But on to the plan, what could these things be useful for? I have pondered the possibility of using the iMac G4s for art, and writing a screen saver that runs on all 6-7 simultaneously, but that doesn't really seem useful. However, I think there is just no way that I'm going to be able to come up with something that six machines will be useful for. Perhaps I can get some form of XGrid working on them, so they can look for extraterrestrial signals or compute fractals. Maybe if I can get a fast enough connection with them going that screen sharing is possible, such that it's effectively six extra monitors of some sort. Even if they aren't actually sharing the screen, it would be easy enough to put PDFs I'm trying to read up on them, and they are pretty compact.

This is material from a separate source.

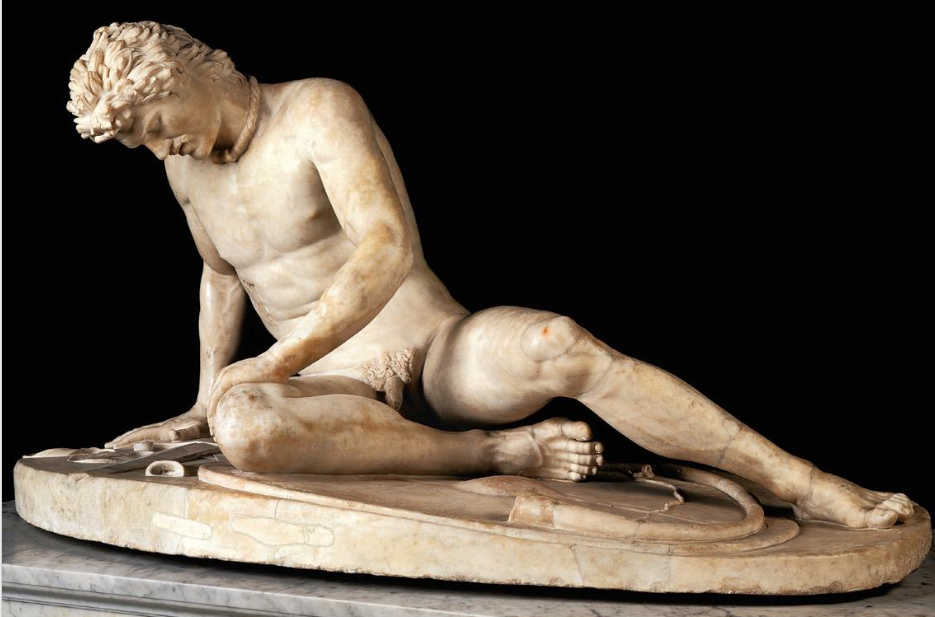 <p>Dying Gaul</p>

The SE/30s are capable of running A/UX, and maybe I'd set one of them up running that, or, more likely, NetBSD. Once I've done that, the ethernet-connected one can be a little server of some kind. Though the strength of these old machines is not going to be found in fast transfer of large amount of data, it would need to be something useful that it could do just kind of directing traffic or handling low volumes of text. Apart from that, some of the vintage machines can be used to run games of their era that no longer run on newer machines—although I don't really have much time to play them. Microsoft Word 4.0d or 5.1 is probably really super-fast under System 6, there might actually be a use for that, except that I don't tend to use Word, and I have to be able to get the resulting files over to a modern machine.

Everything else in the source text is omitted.